The day the volcanos exploded began like any other. The morning routines always began with the sirens’ wailing, an indication that the surface was cooled enough for us to walk on it with minimal protection. We lived in massive structures under the surface. You had to trek through tubes into the surface pods to get above, where the first settlers lived. Grandfather says they created the underground structures within a year of being on the planet because the surface would get too hot, and people got sick.
During the day, we had many chores and jobs to perform. But each day gave us two hours of free time to explore. I often ventured too far out. I wanted to chart new things. I fancied myself an explorer, journeying out where the elders were afraid to go. It was there I found that I could almost fly over massive craters if I just got a little running start. I dragged my friends out there once, and it quickly became our favorite activity.
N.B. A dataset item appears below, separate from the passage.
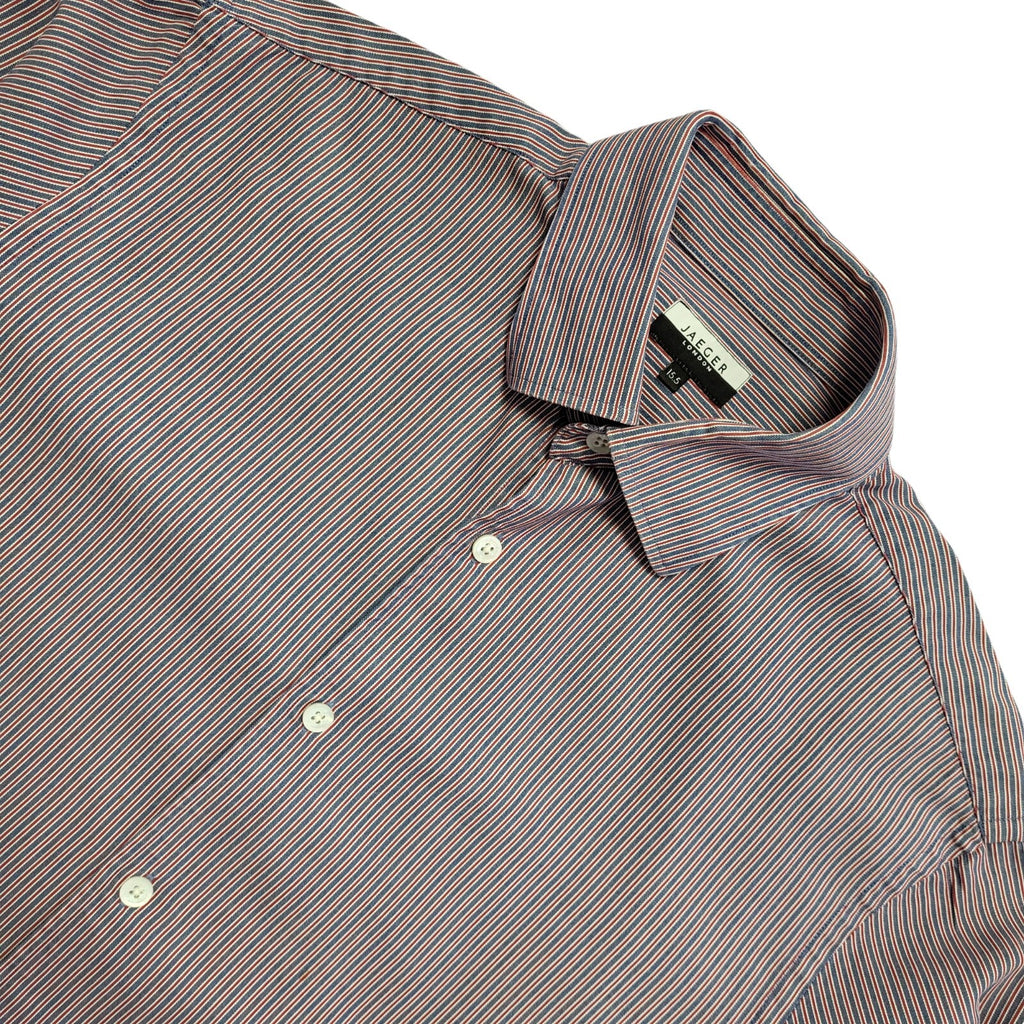 Jaeger Vintage Y2K Blue & Red Check Long Sleeve Shirt Uk Men's Size L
It was on one of these outings, not long ago, that we had found the volcano. It was across a massive crater, the biggest we had ever dared to cross. Of course, we crossed it with ease. We didn’t understand the way it worked, only that it always worked. We assumed the towering mountain was the same as the others that lined the perimeter of our settlement. Nobody had ever gone past them. They were miles and miles from our homes. Our elders said as long as we stayed within their protection, we would be safe. Of course, they didn’t know the danger of the mountains that were not just mountains held.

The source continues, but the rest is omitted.